Your goal —
Go to the line holding "Unique Minimalist Gray" in the data below and repeat it exactly, then each line after it up to and including the one holding "Obraz premium Cartoon". Omit pictures.

Stored dataset items
==========

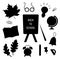 Back to school silhouettes set. Vector black and white educational clipart collection. Cute classroom objects shadows of supplies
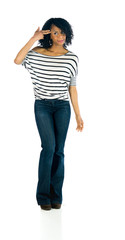 Fototapeta premium female model attractive woman on plein background with copy spac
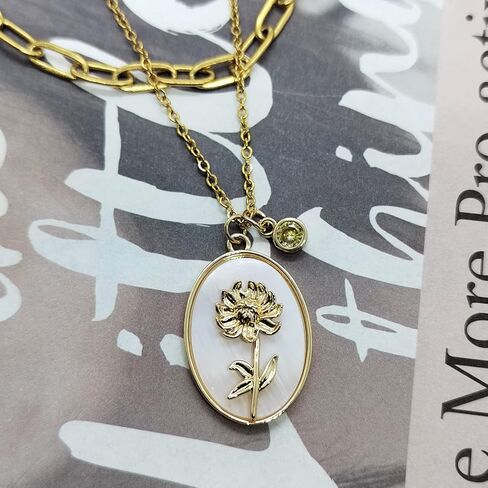 SHOWNICE 18K Gold Plated Inlaid White Shell Solid Birth Flower Pendant, Layering Choker Necklaces with Birthstone for Girls in Kuwait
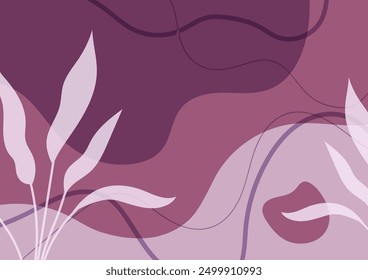 Tropical purple line natural art leaf background. vector illustration.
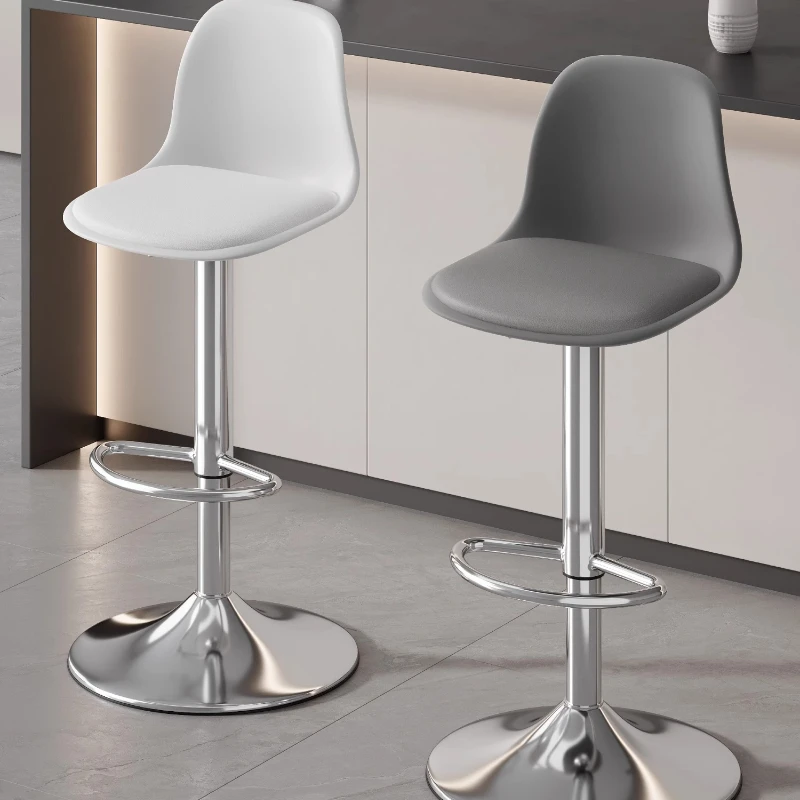 Unique Minimalist Gray Bar Stools Swivel Adjustable Italian Kitchen Bar Stools Designer Sturdy Sgabello Cucina Alto Furniture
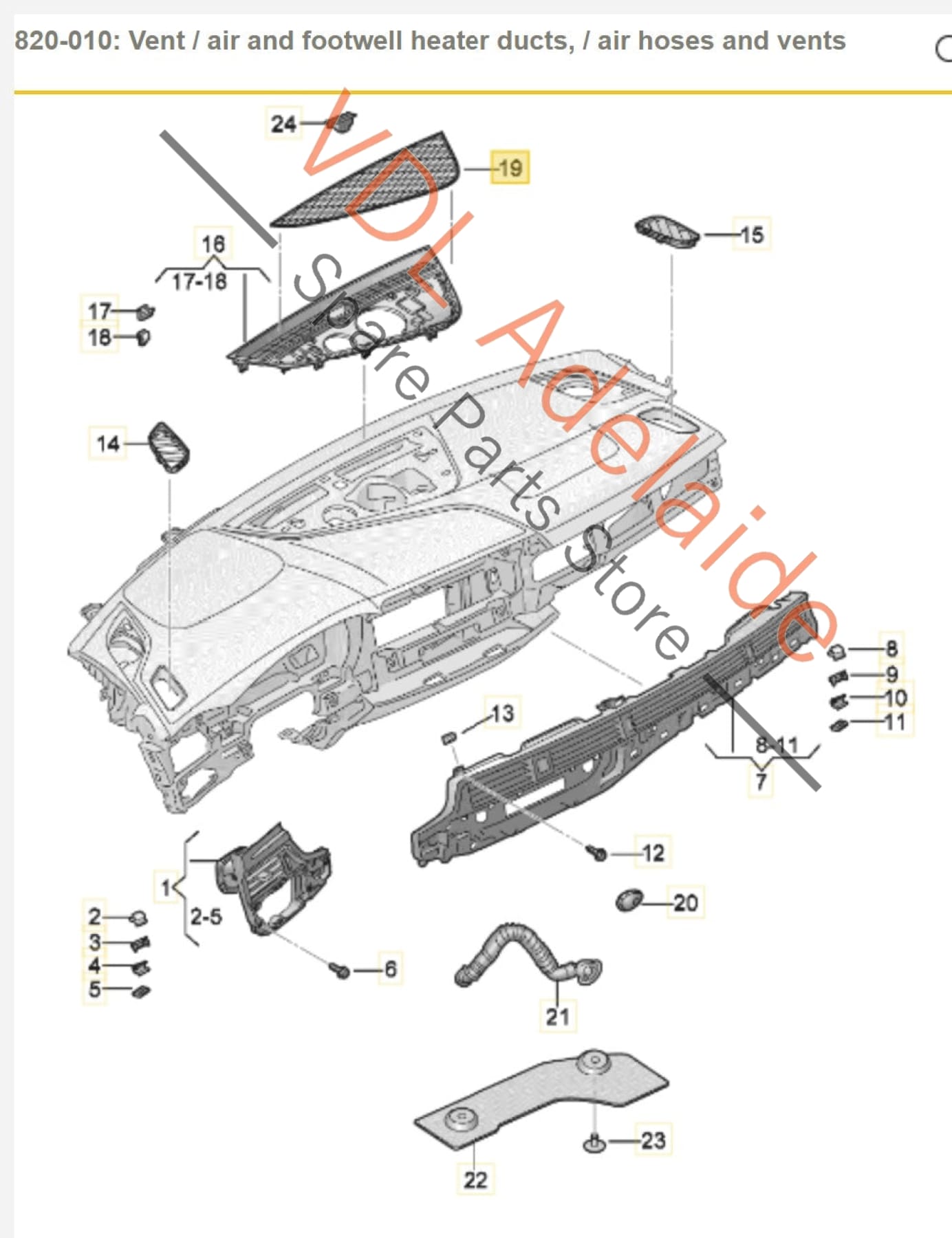 8W2819636, 8W2819636B6PS, , ,  Audi A5 F5 Centre Dashboard Speaker Vent Grille Interior Trim RHD 8W2819636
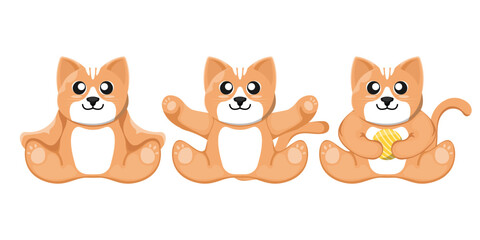 Obraz premium Cartoon doll cat for kids on isolated background, Vector illustration.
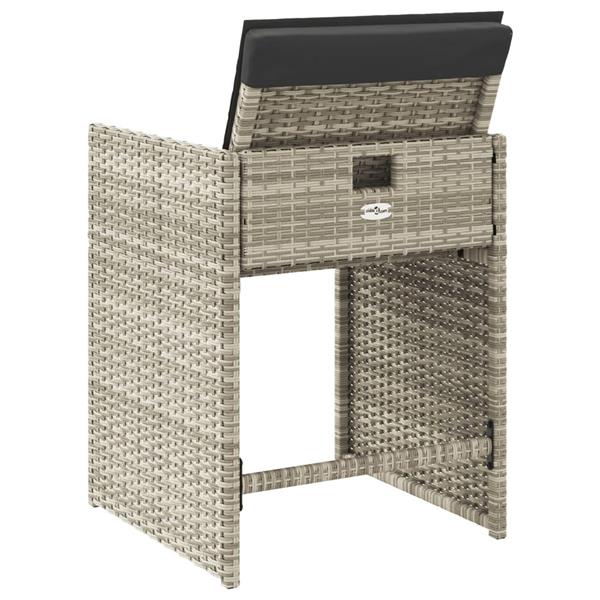 Grote foto vidaxl tuinstoelen 4 st met kussens poly rattan lichtgrijs tuin en terras tuinmeubelen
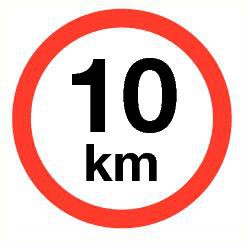 Pictogram maximum snelheid 10 km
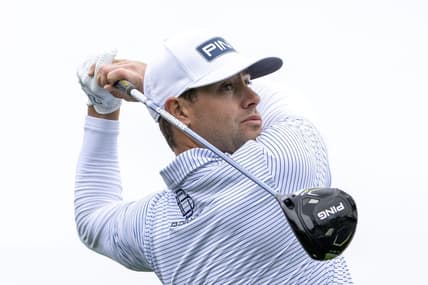 February 3, 2024; Pebble Beach, California, USA; Taylor Moore hits his tee shot on the third hole during the third round of the AT&T Pebble Beach Pro-Am golf tournament at Pebble Beach Golf Links. Mandatory Credit: Kyle Terada-USA TODAY Sports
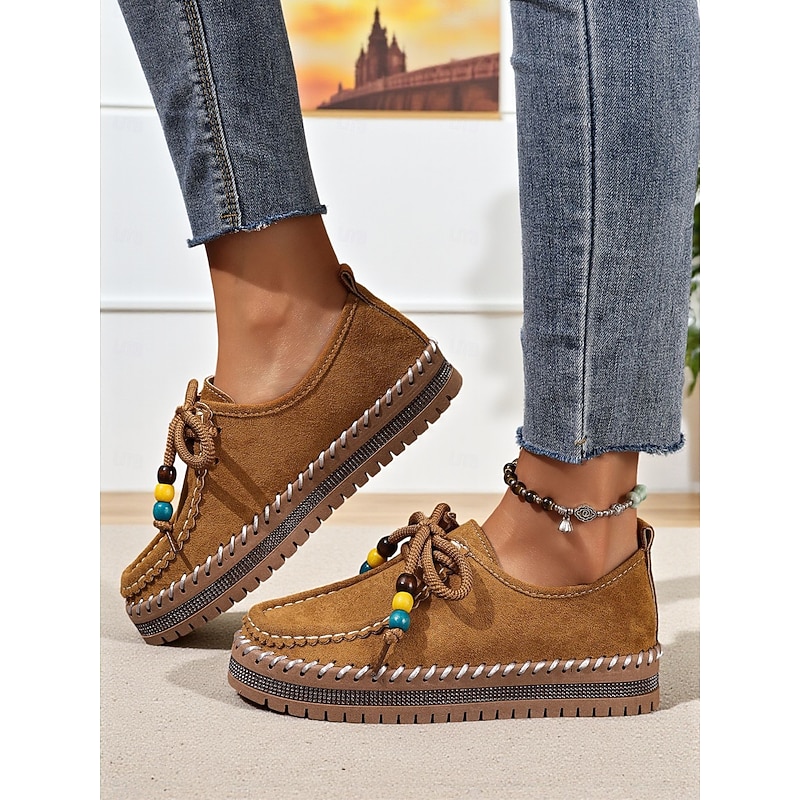 Women's Brown Moccasin Loafers with Rhinestone  Non-Slip Sole, Casual Comfort Driving Shoes for Everyday Wear & Travel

==========

Answer for the task —
 Unique Minimalist Gray Bar Stools Swivel Adjustable Italian Kitchen Bar Stools Designer Sturdy Sgabello Cucina Alto Furniture
 8W2819636, 8W2819636B6PS, , ,  Audi A5 F5 Centre Dashboard Speaker Vent Grille Interior Trim RHD 8W2819636
 Obraz premium Cartoon doll cat for kids on isolated background, Vector illustration.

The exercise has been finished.